_Work request_. Write out again, exactly as they stand, the line that includes "New modern house" and all remaining lines of the entries.

_Given data_.
◇ ◇ ◇ ◇ ◇ ◇ ◇

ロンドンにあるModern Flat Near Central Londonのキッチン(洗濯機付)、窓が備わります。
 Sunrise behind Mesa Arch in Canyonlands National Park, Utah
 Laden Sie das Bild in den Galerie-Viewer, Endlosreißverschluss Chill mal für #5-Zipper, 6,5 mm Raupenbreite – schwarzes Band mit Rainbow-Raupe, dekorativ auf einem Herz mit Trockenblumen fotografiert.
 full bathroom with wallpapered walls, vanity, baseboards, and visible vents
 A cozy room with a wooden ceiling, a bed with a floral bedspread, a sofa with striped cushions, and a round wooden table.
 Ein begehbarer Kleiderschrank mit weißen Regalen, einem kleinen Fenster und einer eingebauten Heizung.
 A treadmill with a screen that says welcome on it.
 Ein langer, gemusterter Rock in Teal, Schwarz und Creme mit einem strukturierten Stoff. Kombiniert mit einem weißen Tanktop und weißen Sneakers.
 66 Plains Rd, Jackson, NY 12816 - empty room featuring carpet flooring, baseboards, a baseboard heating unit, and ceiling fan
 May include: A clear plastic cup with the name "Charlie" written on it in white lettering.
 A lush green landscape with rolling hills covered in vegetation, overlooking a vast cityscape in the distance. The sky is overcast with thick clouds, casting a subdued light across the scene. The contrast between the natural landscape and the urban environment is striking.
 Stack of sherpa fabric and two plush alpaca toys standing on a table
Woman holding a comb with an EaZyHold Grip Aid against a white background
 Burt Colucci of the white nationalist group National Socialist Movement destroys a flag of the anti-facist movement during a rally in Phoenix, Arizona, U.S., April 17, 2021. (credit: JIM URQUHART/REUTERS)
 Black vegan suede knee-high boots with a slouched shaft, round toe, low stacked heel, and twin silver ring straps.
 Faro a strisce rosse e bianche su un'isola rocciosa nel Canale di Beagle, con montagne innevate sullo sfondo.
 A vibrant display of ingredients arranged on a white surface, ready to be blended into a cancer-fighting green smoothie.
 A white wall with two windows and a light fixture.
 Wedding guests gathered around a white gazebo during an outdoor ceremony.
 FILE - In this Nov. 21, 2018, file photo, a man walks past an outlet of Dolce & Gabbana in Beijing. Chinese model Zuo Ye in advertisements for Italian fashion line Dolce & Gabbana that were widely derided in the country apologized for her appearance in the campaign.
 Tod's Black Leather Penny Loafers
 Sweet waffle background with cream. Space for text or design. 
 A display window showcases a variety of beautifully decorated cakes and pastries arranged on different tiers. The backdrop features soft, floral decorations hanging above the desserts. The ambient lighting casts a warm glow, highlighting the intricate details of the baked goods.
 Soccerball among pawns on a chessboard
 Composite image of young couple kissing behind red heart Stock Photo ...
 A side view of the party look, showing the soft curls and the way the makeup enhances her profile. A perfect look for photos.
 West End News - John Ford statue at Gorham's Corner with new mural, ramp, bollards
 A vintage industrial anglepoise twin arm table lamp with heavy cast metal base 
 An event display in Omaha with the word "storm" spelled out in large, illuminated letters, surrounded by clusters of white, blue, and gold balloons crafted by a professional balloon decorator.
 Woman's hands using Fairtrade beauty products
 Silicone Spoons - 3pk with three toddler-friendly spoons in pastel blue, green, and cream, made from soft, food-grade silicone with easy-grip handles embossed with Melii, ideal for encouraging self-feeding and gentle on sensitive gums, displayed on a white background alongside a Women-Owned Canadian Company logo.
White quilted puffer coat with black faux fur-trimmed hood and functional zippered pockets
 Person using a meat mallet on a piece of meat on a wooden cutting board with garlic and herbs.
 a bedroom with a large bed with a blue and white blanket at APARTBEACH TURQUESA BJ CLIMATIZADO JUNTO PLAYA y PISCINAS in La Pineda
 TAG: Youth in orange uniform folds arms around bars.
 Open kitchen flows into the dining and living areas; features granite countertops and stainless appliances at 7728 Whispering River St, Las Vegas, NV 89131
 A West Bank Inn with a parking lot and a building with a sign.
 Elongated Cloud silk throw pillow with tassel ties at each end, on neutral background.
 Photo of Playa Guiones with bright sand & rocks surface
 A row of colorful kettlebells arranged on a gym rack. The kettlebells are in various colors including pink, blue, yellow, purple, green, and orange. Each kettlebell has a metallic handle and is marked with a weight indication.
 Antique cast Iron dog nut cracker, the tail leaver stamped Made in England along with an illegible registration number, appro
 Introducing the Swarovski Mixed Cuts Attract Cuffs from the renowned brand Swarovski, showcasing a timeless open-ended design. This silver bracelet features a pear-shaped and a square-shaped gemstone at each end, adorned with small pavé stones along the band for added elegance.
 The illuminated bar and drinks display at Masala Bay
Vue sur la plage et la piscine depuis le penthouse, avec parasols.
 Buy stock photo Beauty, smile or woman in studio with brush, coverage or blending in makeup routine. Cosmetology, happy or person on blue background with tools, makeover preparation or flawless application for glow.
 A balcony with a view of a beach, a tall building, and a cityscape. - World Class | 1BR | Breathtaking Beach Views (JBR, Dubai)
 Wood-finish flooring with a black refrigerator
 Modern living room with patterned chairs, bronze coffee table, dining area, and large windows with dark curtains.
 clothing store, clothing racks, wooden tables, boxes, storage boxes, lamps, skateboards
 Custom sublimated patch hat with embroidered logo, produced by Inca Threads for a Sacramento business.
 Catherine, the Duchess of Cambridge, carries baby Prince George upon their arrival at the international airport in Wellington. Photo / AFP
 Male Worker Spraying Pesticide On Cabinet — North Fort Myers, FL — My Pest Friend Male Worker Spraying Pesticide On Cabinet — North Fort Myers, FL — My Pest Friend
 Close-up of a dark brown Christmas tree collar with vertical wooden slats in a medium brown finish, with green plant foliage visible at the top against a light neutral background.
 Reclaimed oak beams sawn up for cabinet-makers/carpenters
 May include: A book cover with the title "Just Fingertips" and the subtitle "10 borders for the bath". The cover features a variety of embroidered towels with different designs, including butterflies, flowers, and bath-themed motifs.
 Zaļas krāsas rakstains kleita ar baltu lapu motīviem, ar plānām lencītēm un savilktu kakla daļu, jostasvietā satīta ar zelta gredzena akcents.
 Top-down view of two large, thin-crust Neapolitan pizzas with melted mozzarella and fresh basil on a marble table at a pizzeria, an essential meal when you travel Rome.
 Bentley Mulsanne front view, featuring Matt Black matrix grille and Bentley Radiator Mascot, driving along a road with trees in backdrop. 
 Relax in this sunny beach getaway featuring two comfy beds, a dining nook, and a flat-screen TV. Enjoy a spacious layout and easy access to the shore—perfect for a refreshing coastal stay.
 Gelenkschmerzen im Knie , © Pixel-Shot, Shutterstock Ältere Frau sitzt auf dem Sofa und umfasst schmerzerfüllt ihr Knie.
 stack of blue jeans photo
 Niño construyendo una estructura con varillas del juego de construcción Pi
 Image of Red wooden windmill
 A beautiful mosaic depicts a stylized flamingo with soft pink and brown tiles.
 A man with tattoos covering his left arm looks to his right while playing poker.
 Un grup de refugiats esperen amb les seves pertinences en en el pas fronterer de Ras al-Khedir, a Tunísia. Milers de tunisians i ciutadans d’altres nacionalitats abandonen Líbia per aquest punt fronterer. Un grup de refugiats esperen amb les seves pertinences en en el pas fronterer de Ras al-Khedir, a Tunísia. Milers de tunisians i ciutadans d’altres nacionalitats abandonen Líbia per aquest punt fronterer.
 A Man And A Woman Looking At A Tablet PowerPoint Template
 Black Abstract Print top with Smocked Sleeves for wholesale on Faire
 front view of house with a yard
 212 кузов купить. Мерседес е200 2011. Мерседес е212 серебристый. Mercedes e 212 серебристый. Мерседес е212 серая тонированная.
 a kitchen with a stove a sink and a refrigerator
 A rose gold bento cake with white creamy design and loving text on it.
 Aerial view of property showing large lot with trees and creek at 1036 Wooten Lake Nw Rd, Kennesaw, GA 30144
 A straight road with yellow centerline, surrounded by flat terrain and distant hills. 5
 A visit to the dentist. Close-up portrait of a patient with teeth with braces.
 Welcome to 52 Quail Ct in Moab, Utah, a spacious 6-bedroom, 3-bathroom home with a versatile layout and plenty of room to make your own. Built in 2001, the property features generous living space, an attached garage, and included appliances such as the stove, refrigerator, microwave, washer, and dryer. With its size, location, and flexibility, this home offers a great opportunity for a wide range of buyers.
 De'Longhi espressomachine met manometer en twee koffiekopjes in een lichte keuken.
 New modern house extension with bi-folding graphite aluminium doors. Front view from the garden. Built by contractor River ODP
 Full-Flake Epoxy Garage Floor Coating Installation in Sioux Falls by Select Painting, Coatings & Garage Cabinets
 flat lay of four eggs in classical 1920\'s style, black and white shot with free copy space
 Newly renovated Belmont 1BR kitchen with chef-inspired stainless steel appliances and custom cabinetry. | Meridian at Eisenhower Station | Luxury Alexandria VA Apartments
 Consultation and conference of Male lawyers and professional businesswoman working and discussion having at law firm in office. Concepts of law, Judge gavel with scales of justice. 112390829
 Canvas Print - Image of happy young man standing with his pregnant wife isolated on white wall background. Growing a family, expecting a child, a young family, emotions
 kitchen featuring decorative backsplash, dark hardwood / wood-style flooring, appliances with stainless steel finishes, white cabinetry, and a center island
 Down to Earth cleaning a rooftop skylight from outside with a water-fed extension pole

◇ ◇ ◇ ◇ ◇ ◇ ◇

_Answer_.
 New modern house extension with bi-folding graphite aluminium doors. Front view from the garden. Built by contractor River ODP
 Full-Flake Epoxy Garage Floor Coating Installation in Sioux Falls by Select Painting, Coatings & Garage Cabinets
 flat lay of four eggs in classical 1920\'s style, black and white shot with free copy space
 Newly renovated Belmont 1BR kitchen with chef-inspired stainless steel appliances and custom cabinetry. | Meridian at Eisenhower Station | Luxury Alexandria VA Apartments
 Consultation and conference of Male lawyers and professional businesswoman working and discussion having at law firm in office. Concepts of law, Judge gavel with scales of justice. 112390829
 Canvas Print - Image of happy young man standing with his pregnant wife isolated on white wall background. Growing a family, expecting a child, a young family, emotions
 kitchen featuring decorative backsplash, dark hardwood / wood-style flooring, appliances with stainless steel finishes, white cabinetry, and a center island
 Down to Earth cleaning a rooftop skylight from outside with a water-fed extension pole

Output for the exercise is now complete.